- Black Flash, as appeared in The Flash #140 (June 1998). Art by Pop Mhan (pencils), Chris Ivy (inks), Tom McCraw (colors)

Publication information
- Publisher: DC Comics
- First appearance: The Flash vol. 2 #138 (June 1998; cameo) The Flash vol. 2 #141 (September 1998; full)
- Created by: Grant Morrison Mark Millar Ron Wagner

In-story information
- Species: Meta-Zombie
- Team affiliations: Rogues
- Notable aliases: Black Flash, Flashback, Backflash, Slow Lightning
- Abilities: Speed Force includes: Immense superhuman speed, agility, durability and reflexes; Time manipulation, role as psychopomp to speedsters; Immortality; Molecular acceleration; Energy absorption; Dimensional travel; Time travel; Electrokinesis; Intangibility;

= Black Flash =

The Black Flash is a comic book character from DC Comics. Created by writers Grant Morrison and Mark Millar, and artist Ron Wagner, the character had cameos in The Flash vol. 2 #138 (June 1998), before appearing in full in The Flash vol. 2 #141 (September 1998).

==Fictional character background==
=== Original depiction ===
The Black Flash essentially fulfills the same role as Death for those who possess super-speed in the DC Universe, returning the speedster to their power source: the Speed Force.

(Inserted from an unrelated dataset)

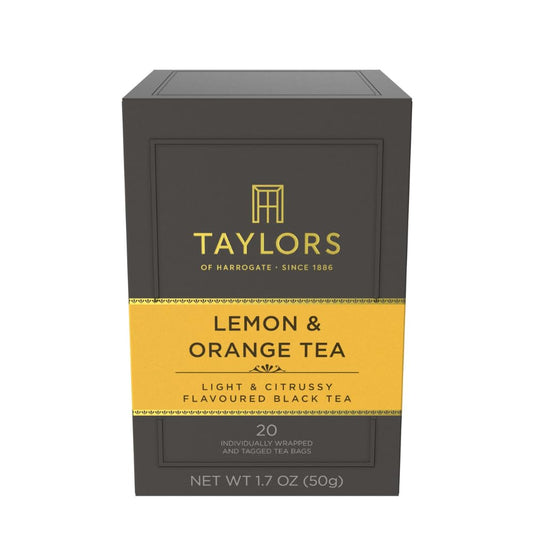 Lemon & Orange, Black Tea, Individually Wrapped Bags, 20 Count (Pack of 1), Citrussy, Fragrant and Light, Caffeinated, Enjoy Hot or Iced, 20 Teabags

The Black Flash represents the Speed Force's dark aspect, with his connection to death being limited to those connected to the Speed Force.

The Black Flash comes for Wally West to draw back to the Speed Force, but instead takes Linda Park, who is struck by the lightning that was intended to kill Wally. The Black Flash later returns to try to take Wally again, freezing time except for those who possess a connection to the Speed Force. Wally defeats the Black Flash by racing him to the end of time, to a point where death has no meaning, causing the Black Flash to dissipate.

The Black Flash appears to Bart Allen when he loses his powers while battling the Rogues at the Getty Center. Shortly afterward, Bart is killed in battle with the Rogues.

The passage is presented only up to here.